It is no exaggeration to say that we began our maturity with Hiroshima. For although many of us do not remember it as a once-present happening in our lives, with Hiroshima a new age began that was to shape and direct us, and so characterize the course of our futures…. Even then they were coming to us with their “Cold War,” and we were being asked to recognize new enemies, to seek new struggles, to sacrifice new lives…. My generation has been witness to more offers to sacrifice the world for freedom, for country, for God Himself, than we are likely to take without some revulsion and disgust. And every time we have heard the call to rally behind the “free world,” to prepare ourselves for ultimate sacrifice for the “free world,” don’t you think we’ve thought of Rhee, of Chiang, of Trujillo and Salazar, Batista and Franco, Somoza and the others? Don’t you think we thought of Mississippi and Emmet Till And don’t you think we’ve paled a little at the hypocrisy of it all? Does it help to think of the Russian crimes? Do you think we can think of Hungary and not remember Cuba?…

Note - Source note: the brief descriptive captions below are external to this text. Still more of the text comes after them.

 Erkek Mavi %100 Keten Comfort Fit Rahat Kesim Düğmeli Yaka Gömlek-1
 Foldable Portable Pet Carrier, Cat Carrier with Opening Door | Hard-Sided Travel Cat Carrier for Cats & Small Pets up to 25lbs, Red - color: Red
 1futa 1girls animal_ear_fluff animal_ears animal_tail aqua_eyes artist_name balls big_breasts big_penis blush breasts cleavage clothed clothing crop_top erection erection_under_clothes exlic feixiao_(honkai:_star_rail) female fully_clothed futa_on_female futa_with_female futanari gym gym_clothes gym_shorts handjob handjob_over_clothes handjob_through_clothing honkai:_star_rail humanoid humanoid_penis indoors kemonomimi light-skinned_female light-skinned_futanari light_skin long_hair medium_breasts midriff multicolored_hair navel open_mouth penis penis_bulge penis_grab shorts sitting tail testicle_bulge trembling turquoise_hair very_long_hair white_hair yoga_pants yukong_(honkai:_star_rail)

No sooner were we called on to support their “free world” crusade, than they began to witch-hunt in our ranks. I say “our ranks” because it was the intellectuals whose silence they sought, and among them were our instructors, our professors…. I remember Einstein’s letter to The New York Times. “Don’t cooperate with any committees that investigate ideas,” he said…. When McCarthy was finally stopped, it was only because he abused his power. He violated certain proprieties among elites by attacking the military. He ought to have been stopped for being a threat to the very principles on which the nation was founded; he ought to have been stopped because the methods of his committee were effectively destroying every safeguard of free speech and free association that the Constitution affords to the individual, every protection for the innocent against unjust trial. But even the President, who disliked him, said nothing.

Every year of the last six of President Eisenhower’s office, this nation has faced the responsibility of completing its task begun 175 years ago. Every year since the Supreme Court decision in 1954, President Eisenhower abstained from his moral duty to lead the nation in the fulfilling of that task. No President in the history of the country could have accomplished more than he with less effort. President Eisenhower was, and still is, the most respected man in this country. The majority of the white citizens in the South regard him as a sincere and pious man. If he had appealed to them, as citizens of this nation, to learn to live as Americans ought to live, side by side, all colors, all creeds, he might have won a more meaningful and far-reaching victory for our country than he was summoned in all his life to win.